Potenzielle „Sterne-Köche" an den Töpfen bei Georgi

Der neunjährige Paul wusste schon mit drei Jahren, dass er später einmal Koch werden will.

Groß-Zimmern - (wd) Die Äuglein tränten, die Zwiebel rutschte weg, dennoch war das für die 12-jährige Antonia kein Grund aufzugeben.

Zusammen mit weiteren 14 Kindern nahm sie kürzlich am Kinderkochkurs in Richters Restaurant „Georgi“ in Groß-Zimmern teil und hatte genauso wie Küchenchef Klaus Richter, dessen Ehefrau Anke und Koch Michael Boni einen Riesenspaß. Organisiert wurde das ganze von Heike Jakobs, Mitorganisatorin von „Frisch und lecker im Landkreis der Genießer“. Beim Erstellen des Drei-Gänge-Menüs wurde vor allem Wert darauf gelegt, ausschließlich regionale Produkte zu verwenden.

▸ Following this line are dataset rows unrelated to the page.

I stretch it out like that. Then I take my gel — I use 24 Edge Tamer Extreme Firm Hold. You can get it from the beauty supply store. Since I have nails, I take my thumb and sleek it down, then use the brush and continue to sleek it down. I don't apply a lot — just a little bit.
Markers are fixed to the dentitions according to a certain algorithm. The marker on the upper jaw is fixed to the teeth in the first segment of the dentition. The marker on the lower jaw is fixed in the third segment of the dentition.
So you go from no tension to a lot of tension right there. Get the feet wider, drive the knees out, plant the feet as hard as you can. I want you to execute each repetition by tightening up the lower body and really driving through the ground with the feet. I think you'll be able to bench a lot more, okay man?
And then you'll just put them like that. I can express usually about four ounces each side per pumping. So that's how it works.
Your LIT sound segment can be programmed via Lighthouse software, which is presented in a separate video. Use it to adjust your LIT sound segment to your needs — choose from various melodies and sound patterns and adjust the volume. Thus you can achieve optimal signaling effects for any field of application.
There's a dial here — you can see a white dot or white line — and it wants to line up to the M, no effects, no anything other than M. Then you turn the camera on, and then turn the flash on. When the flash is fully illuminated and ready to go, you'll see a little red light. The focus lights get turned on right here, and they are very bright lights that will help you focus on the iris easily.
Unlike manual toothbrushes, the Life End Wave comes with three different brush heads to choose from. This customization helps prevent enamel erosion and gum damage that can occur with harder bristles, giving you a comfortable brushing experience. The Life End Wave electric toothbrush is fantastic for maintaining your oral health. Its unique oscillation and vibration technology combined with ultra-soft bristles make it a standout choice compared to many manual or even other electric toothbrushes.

Mit den Worten: „Heute gibt es keine Pommes und kein Fertiggericht, denn wir wollen euch mal zeigen, wie gut gesundes und selbst hergestelltes Essen schmeckt“ schickte Richter die 15 Kinder, die aus dem gesamten Kreisgebiet nach Groß-Zimmern gekommen waren, mit einem „Ab in die Küche“, an die Kochtöpfe. „Ich bin erstaunt wie viele Jungen mittlerweile Interesse am Kochen haben“, freute sich Heike Jakobs über sieben potenzielle „Sterne-Köche“. Schon mit drei Jahren wusste der neunjährige Paul aus Groß-Zimmern, dass er einmal Koch werden will. „Ich backe und koche immer mit meiner Oma für den Papa“, erzählt er beim Kartoffel schälen. Die werden für die selbst hergestellten Kartoffelchips benötigt, eine Spezialität von Chefkoch Michael Boni. Hierfür müssen dünne Scheiben gehobelt, gewaschen und vor allem gut getrocknet werden. Danach kommen die Kartoffeln in die Friteuse und schmecken besser wie die Chips aus der Tüte. „Die sind außerdem viel gesünder“ bemerkte Klaus Richter, als er die Kinder zur Zwischenmahlzeit bat. Zu den leckeren Chips gab es noch einen Joghurt-Gurken-Dipp.

Zurück in der Küche ging es wieder an die Töpfe, in die jetzt das Gulasch kam, um es köcheln zu lassen. Inzwischen war auch Bürgermeister Achim Grimm hinzugekommen. Auch er genoss es gemeinsam mit seiner Tochter Johanna Sophie dem Kochnachwuchs über die Schultern zu schauen.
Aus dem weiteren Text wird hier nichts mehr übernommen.